■ BRIEF: Under this line sits a listing. Repeat exactly and only its lines from the one holding "Rita Ora apuesta" through the one holding "Z toru w Le"; skip pictures.

=== THE DATA ===

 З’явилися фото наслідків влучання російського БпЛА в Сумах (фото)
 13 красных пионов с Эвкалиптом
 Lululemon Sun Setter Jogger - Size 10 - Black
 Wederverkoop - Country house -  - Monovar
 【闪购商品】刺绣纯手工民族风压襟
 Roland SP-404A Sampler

===
=== THE DATA ===

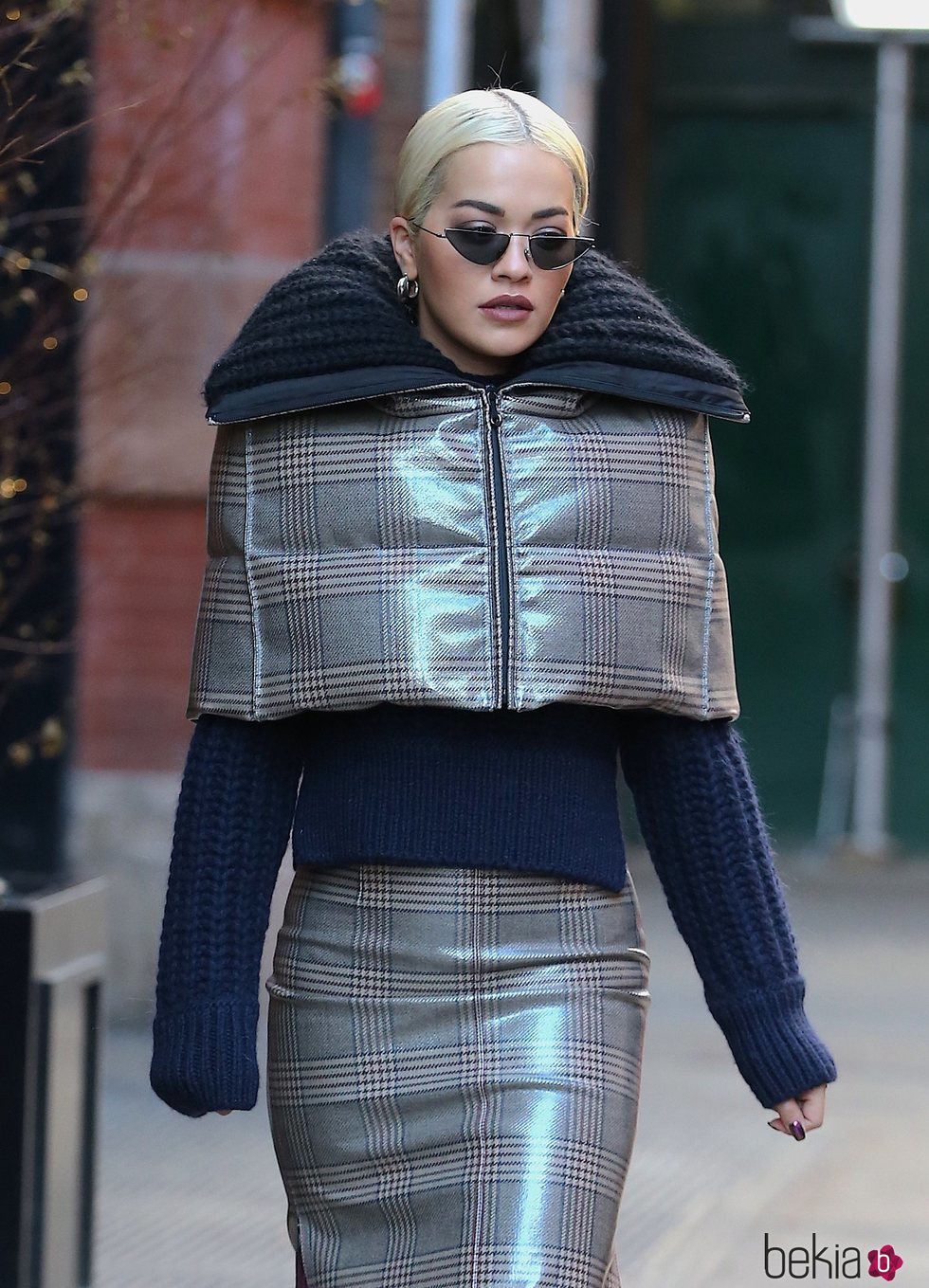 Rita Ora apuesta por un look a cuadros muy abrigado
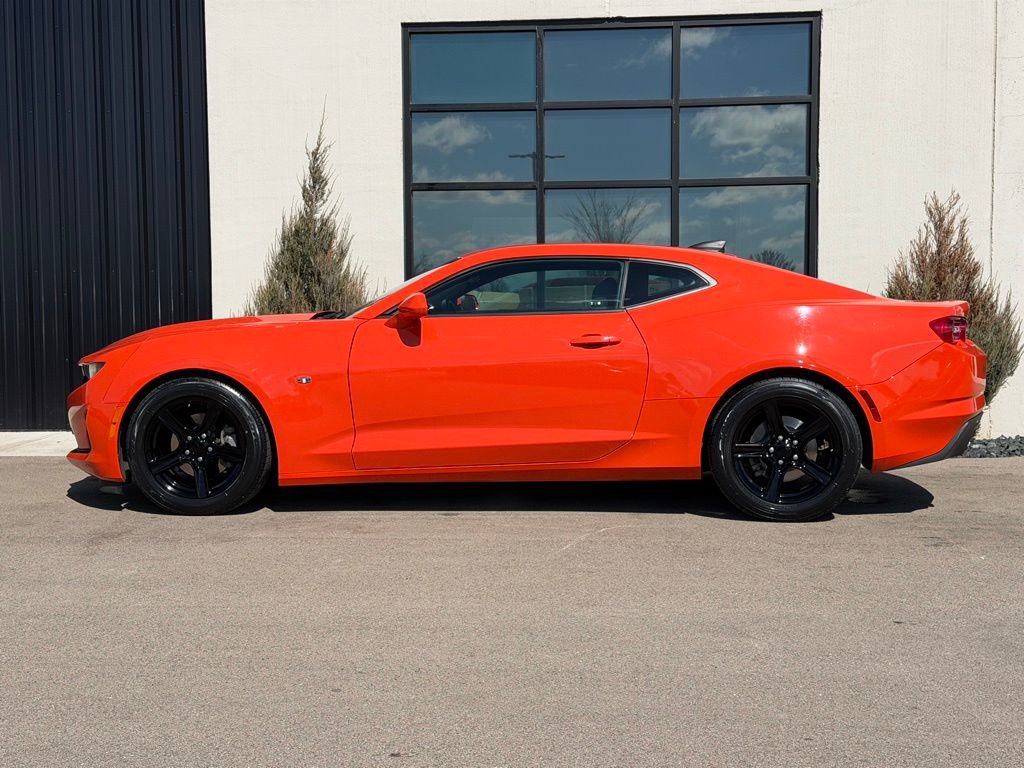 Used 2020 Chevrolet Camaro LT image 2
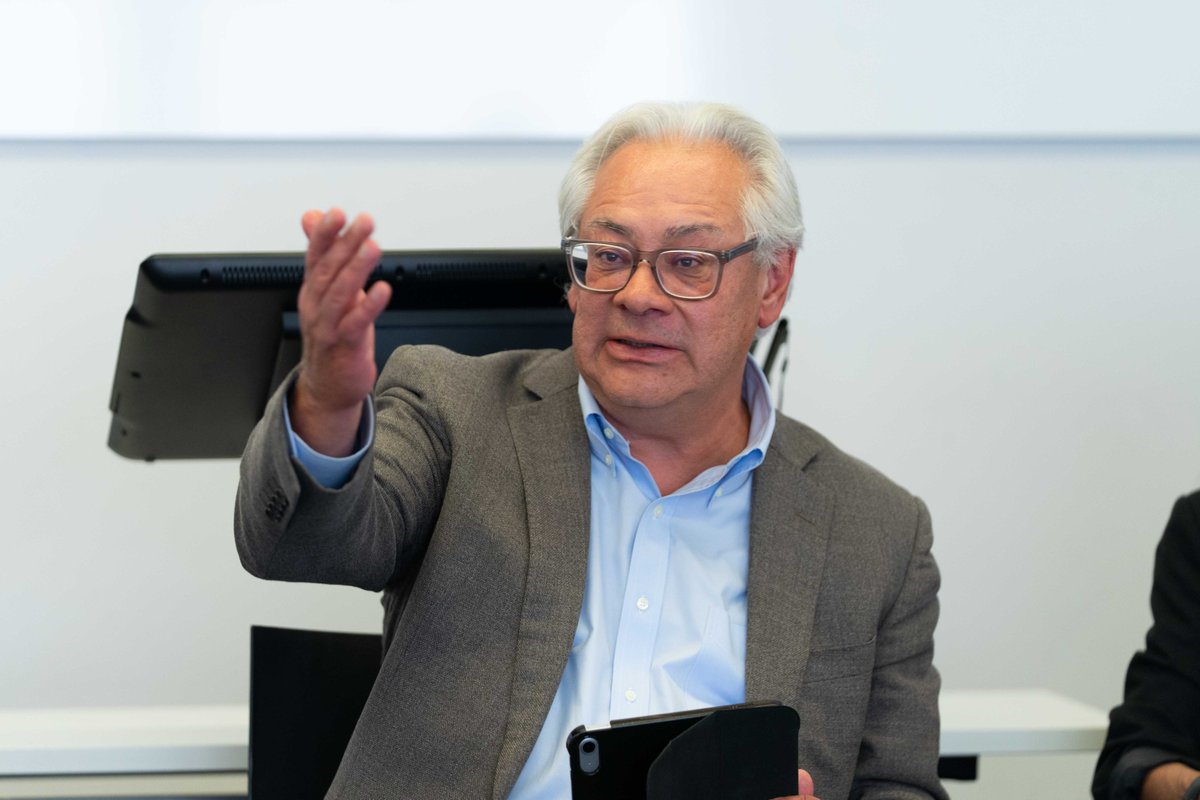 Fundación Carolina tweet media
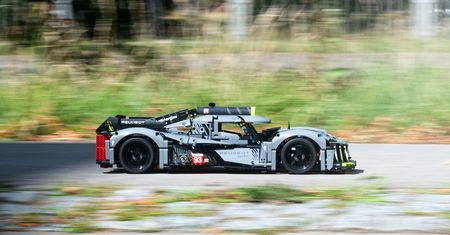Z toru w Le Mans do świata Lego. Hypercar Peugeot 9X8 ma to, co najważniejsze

===

■ THE ANSWER:
 Rita Ora apuesta por un look a cuadros muy abrigado
 Used 2020 Chevrolet Camaro LT image 2
 Fundación Carolina tweet media
Z toru w Le Mans do świata Lego. Hypercar Peugeot 9X8 ma to, co najważniejsze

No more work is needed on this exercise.